For both cases, the regressions did not converge. Given that the examples were arbitrary this is not unexpected. The Cox PH ran out of iterations and did not decrease the step limit, so if it were restarted at the new optimal guess it would be expected to continue converging. The Poisson model regression exited due to the step limit being below the threshold, which means that it hit some local optimum.
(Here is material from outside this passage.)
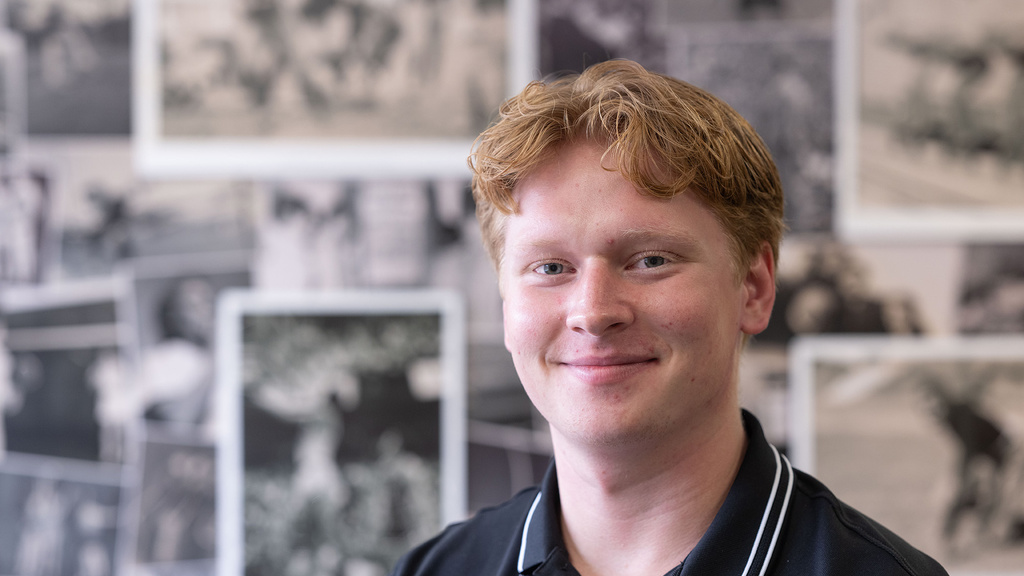 A man posing for a portrait in front of a photo wall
To find a better solution the user would likely have to either change the model equation or provide a new starting guess. This is an example of how to interpret the results of a Colossus run.

There are additional variants of these functions which will be described outside of this section. They return a similar list of results.